Questionné sur la formation du gouvernement, François Bayrou se fixe aussi comme "échéancier" la semaine en cours et ajoute, toujours depuis Pau, qu'"il faut aussi que le président de la République soit là". Une référence aux déplacements du chef de l'Etat à Mayotte et à Bruxelles, prévus jeudi. La petite phrase est moyennement appréciée par l'Elysée, qui décide de prendre le Premier ministre au mot. "Nous sommes prêts", fait savoir mardi matin un proche du président, ajoutant qu'Emmanuel Macron attend les "propositions dans la foulée des consultations" du chef du gouvernement. "Macron va lui mettre une pression de tous les diables", s’amuse un collaborateur parlementaire. Tandis que chez LR, on temporise sur une éventuelle participation au gouvernement. "Il s'est fait avoir par son propre jeu avec Macron. Il va être obligé d'aller vite mais notre groupe va dire 'minute papillon'", glisse un député de droite. 

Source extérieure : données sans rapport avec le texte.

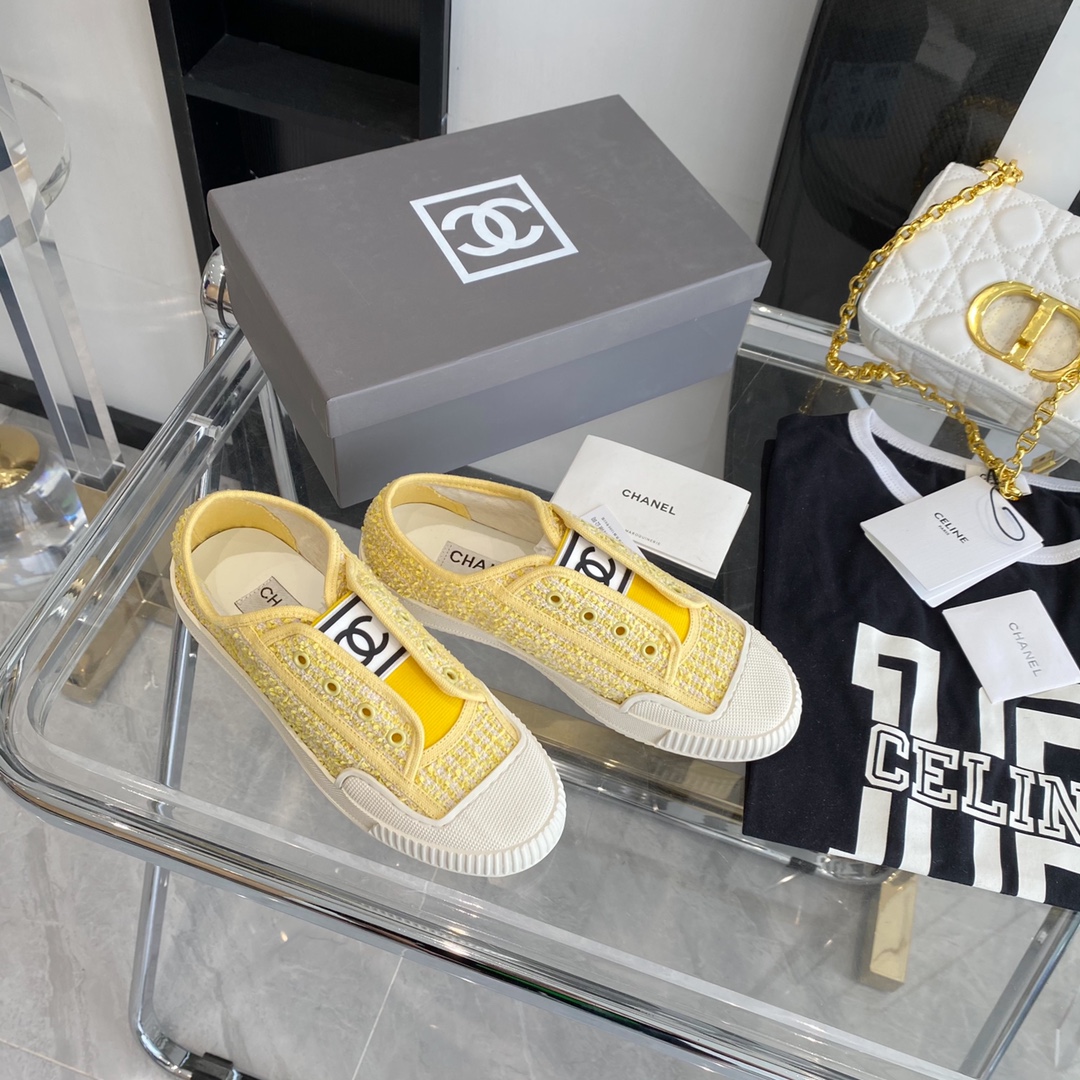 Chanel Flat canvas Sneaker 1 - vstockx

Au même moment sur franceinfo, la présidente de l'Assemblée nationale s'en prend directement à François Bayrou. "J'aurais effectivement préféré que le Premier ministre, au lieu de prendre un avion pour Pau, prenne un avion pour Mamoudzou", grince Yaël Braun-Pivet, se disant aussi "contre le cumul de mandats". Malaise en macronie. "Venir mettre une baffe comme ça au Premier ministre, c'est un peu excessif", souffle un député EPR croisé au Palais-Bourbon. Mais d'autres se lâchent carrément. "C'est déjà la débandade. Entre Mayotte et le conseil municipal, comment est-ce possible ? Yaël Braun-Pivet qui tape. Le président qui ne l’aide pas...", livre un collaborateur parlementaire. 

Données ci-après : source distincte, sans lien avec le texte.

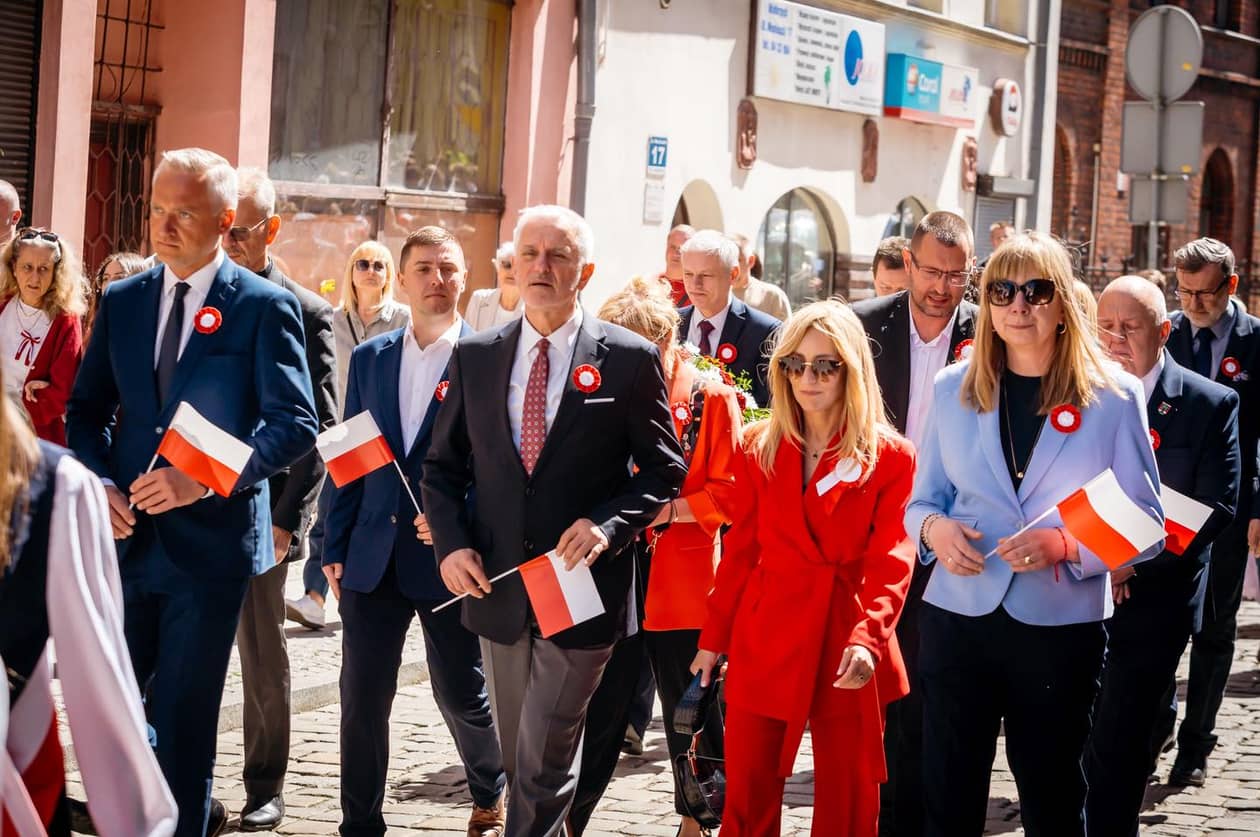 Wałbrzych: Wałbrzych uczcił 235. rocznicę Święta Konstytucji 3 Maja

"François Bayrou est déjà démonétisé."

Un collaborateur parlementaire

à France Télévisions

François Bayrou, lui, continue d'enchaîner les rendez-vous à Matignon avec les groupes politiques. A gauche, on ne se gêne pas pour le critiquer. Le Premier ministre "n'a donné aucun élément sur la direction politique qu'il envisage de prendre. Il pave sa propre censure, tacle à la sortie Cyrielle Chatelain, présidente du groupe écologiste à l'Assemblée. Nous avions face à nous un Premier ministre qui a plus parlé de Pau que de la France". 

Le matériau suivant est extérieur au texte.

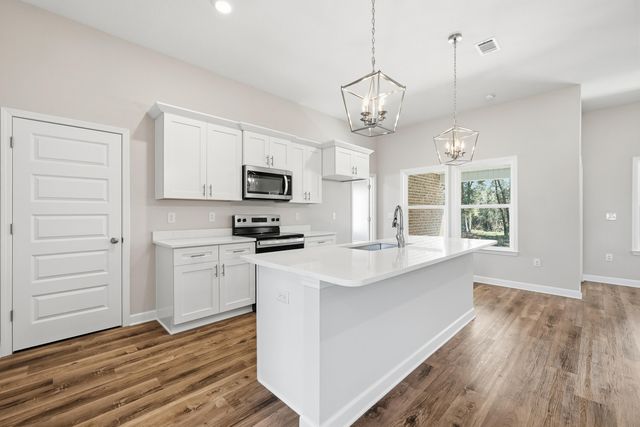 1576 Texas Parkway, Crestview, FL 32536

A 15 heures, mardi, le locataire de Matignon se prête à un exercice inédit : il va répondre seul aux questions des députés, en l'absence de gouvernement. Sans surprise, l'opposition fustige son aller-retour à Pau. "Vous n'auriez pas dû vous rendre à Pau pour conserver un mandat", attaque la cheffe de file des députés LFI, Mathilde Panot. "Pau, c'est en France (...). Si j'avais été dans une mairie du 7e arrondissement, ou la mairie de Neuilly, vous auriez considéré que c'était très bien", lui répond au banc François Bayrou, dénonçant "une rupture entre la vie de la province et le cercle des pouvoirs à Paris".

Le patron du MoDem commet aussi une nouvelle maladresse, en déclarant qu'"il n'est pas d'usage que le Premier ministre et le président de la République quittent en même temps le territoire national". Une sortie aussitôt moquée par ses opposants, qui n'ont pas manqué de rappeler que Mayotte est un département français. A la sortie de l'hémicycle, certains sont sidérés. "C'était catastrophique, on s'attendait à ce qu'il prépare un peu mieux l'exercice", souffle un député LR. Pas de quoi alarmer certains très proches du Premier ministre. "C'est facile de critiquer. Le plus difficile, c'est de bâtir et lui, c'est un bâtisseur", rétorque l'un d'eux.

Prochain défi à relever pour François Bayrou : la constitution d'un gouvernement rassemblant des personnalités de droite et de gauche, qui s'annonce très difficile. Après ses premiers pas maladroits, le locataire de Matignon n'a déjà plus droit à l'erreur.